Electoral violence could be regarded as election-motivated crisis employed to alter, change or influence by force

or coercion, the electoral behavior of voters or voting patterns or possibly reverse electoral decisions in favor of

a particular individual, group or political party. It could be seen as any violence (harm) or threat that is aimed at

any person or property involved in the electoral process, or at disputing any part of the electoral or political

process during the election period [6]. Electoral violence could be before the election thus involving such

activities that inflict any form of injury to the democratic system and its constituent, campaigns and actual

voting. Such violence could also be a post-election phenomenon which comes consequent on the manipulation

of election result, rejection of results and democratic transition i.e. from one leadership regime to another [7;8].

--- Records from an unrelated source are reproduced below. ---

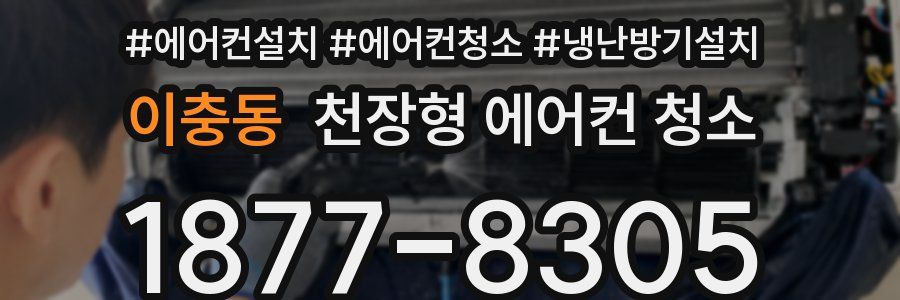 이충동 천장형 에어컨 청소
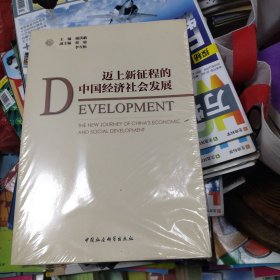 迈上新征程的中国经济社会发展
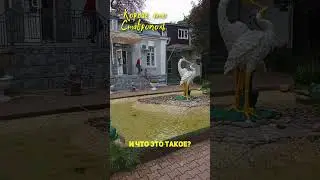 Угадаете локацию?   #такойставрополь #ставрополь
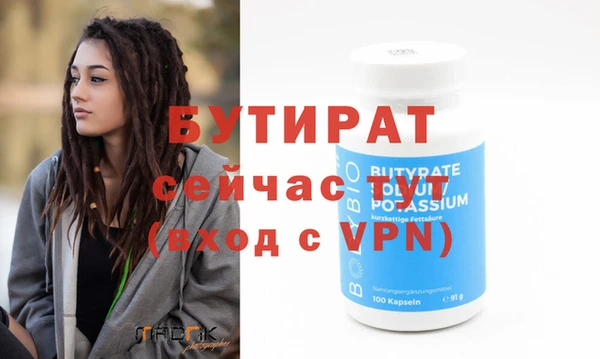 кокаин VHQ Богородицк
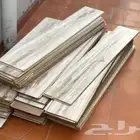 رااح الله يبارك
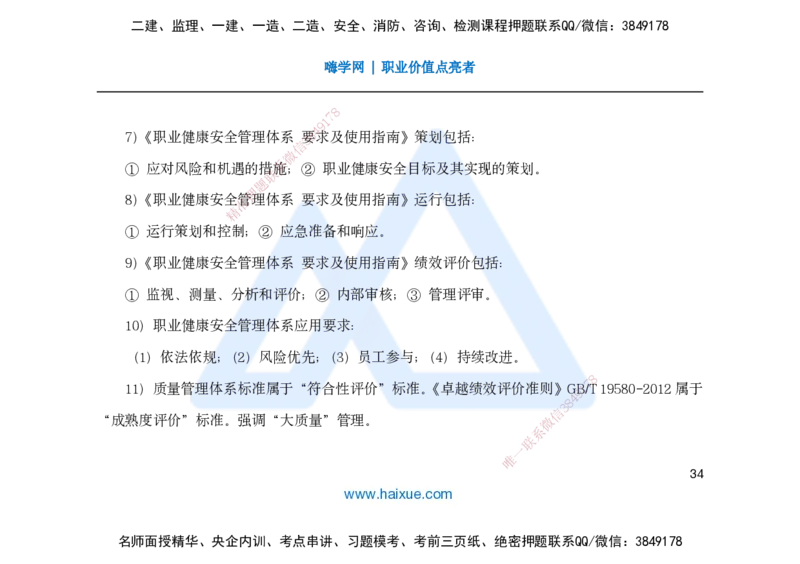 25一建-名师预测手稿-管理_2026年一级建造师_2026年一建管理_2025年一建管理SVIP_04-冲刺串讲✿考点强化✿小灶集训_50-管理《名师考前预测》宿吉南HX_讲义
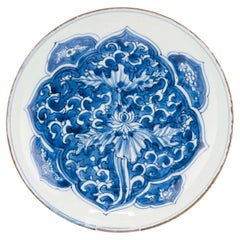 Top Quality Antique Ming Period Chinese Porcelain Reverse Decorated Dish LOTUS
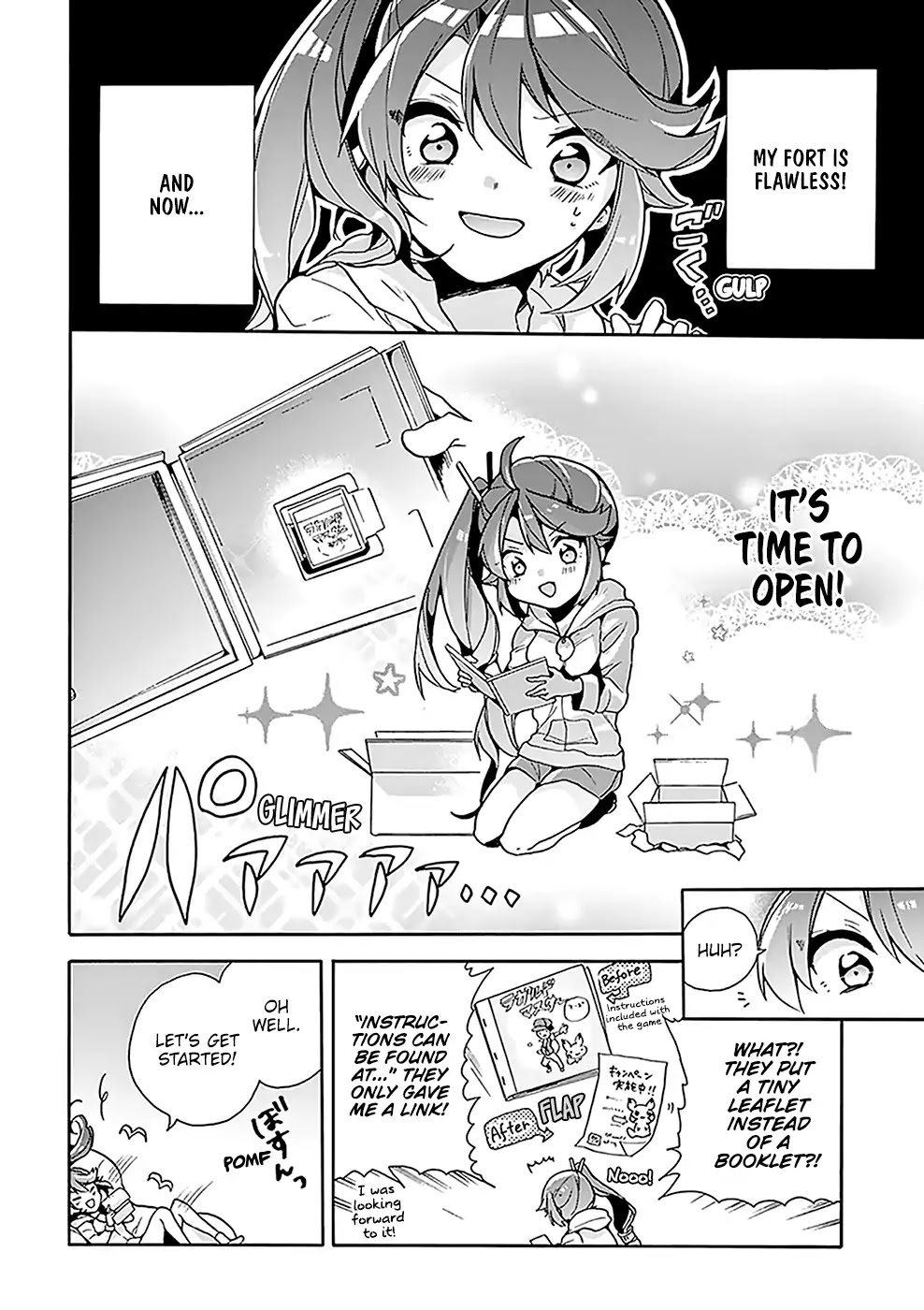 Amaterasu Wants to Stay at Home! Chapter 3 page 7 - Chapter 3: Amaterasu Wants to Indulge!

According to [1] there are different manifestations of electoral violence. They include murder, arson, abduction,

assault, violent seizure and destruction of electoral materials. These acts are all perpetuated by individuals and

groups with the intention of influencing the outcome of elections or deter elected officers from consolidating

their positions after elections. Reference [9]  in [1] concluded that electoral violence can be subsumed under

political violence and only constitute but a part of political violence.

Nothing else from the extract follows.